Interviewer: Can you tell me please, your approach to directing and particularly with this play, how you approached it?
Janet: Well in the past few years I' ve been working at Kali Theatre Company, so it' s a new writing company so the way I approach it is always obviously via the text, but very much in exploring the text and in most cases the plays that we do are first time writers.So the first week or ten days of rehearsal is usually always about sorting out the story, about sorting out characters' intentions, and there' s an awful lot of re-writing usually as well that goes on.So the way I approach directing a new piece is very different to directing a piece that' s been tried and tested, if you like. So, a great deal of time is spent sorting out the script and actioning the script. I like to do very detailed work with the actors on their intentions, objectives, their actions, that' s the way that I approach new writing. So, lots of head-in-script work!

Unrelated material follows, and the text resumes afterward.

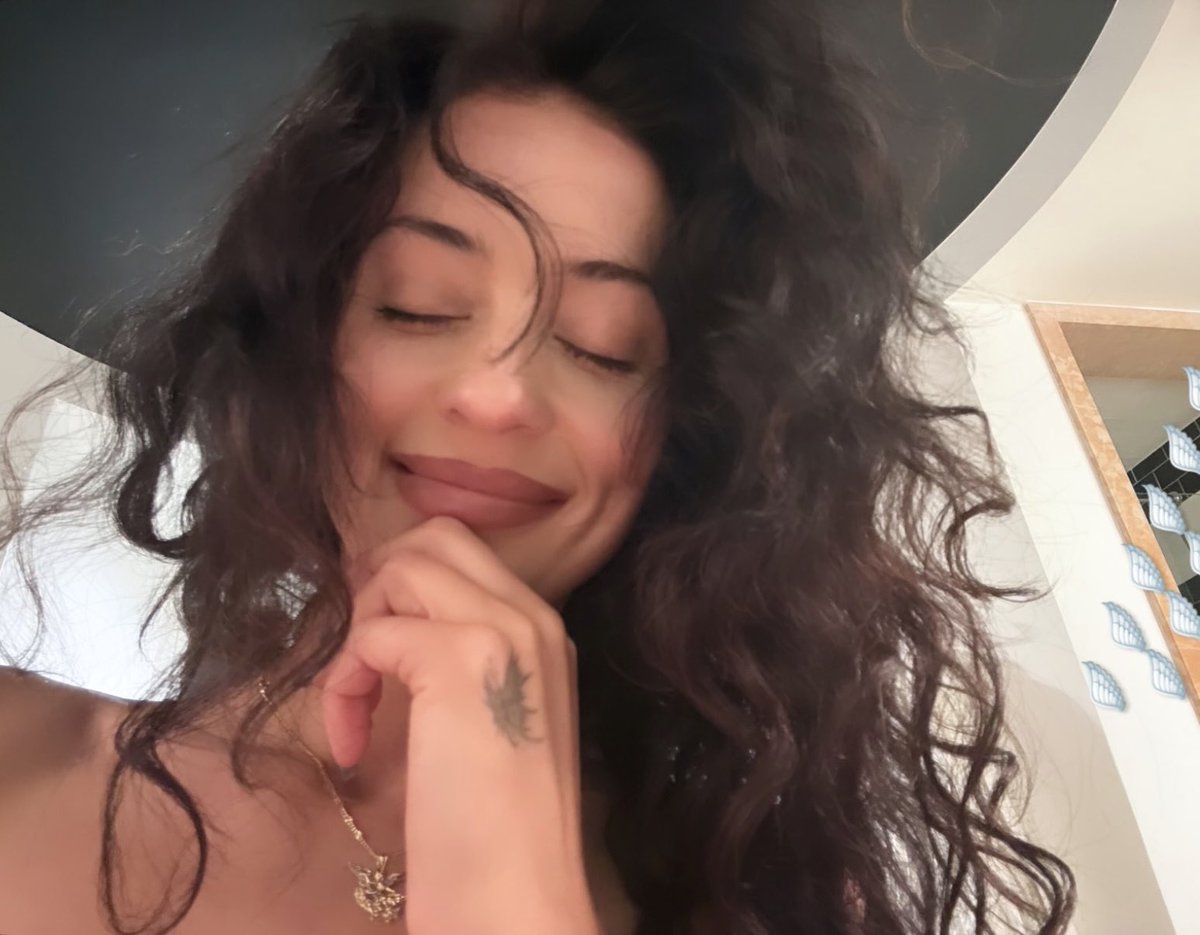 ༝️️ ️️ ️️miss ️️𝒎edina ️️, ️️ ️️ tweet media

Interviewer: Is there one particular scene in the play that you found particularly challenging?
Janet: The end of act 1, which I' ve come to call ' The Wasteland scene' originally was set, in the text is set on a street corner in Birmingham, and just wasn' t working for me having this kind of scene in the middle of a high-street in Birmingham it just wasn' t working for me and also the state that Tariq was in, and so we had a morning of experimentation where we chucked things around and did lots of improv and the result of that is the scene that we have, that I call ' The Wasteland scene' , which I' m really proud of. I think it' s a really wonderful dramatic touch to a piece of very realistic writing.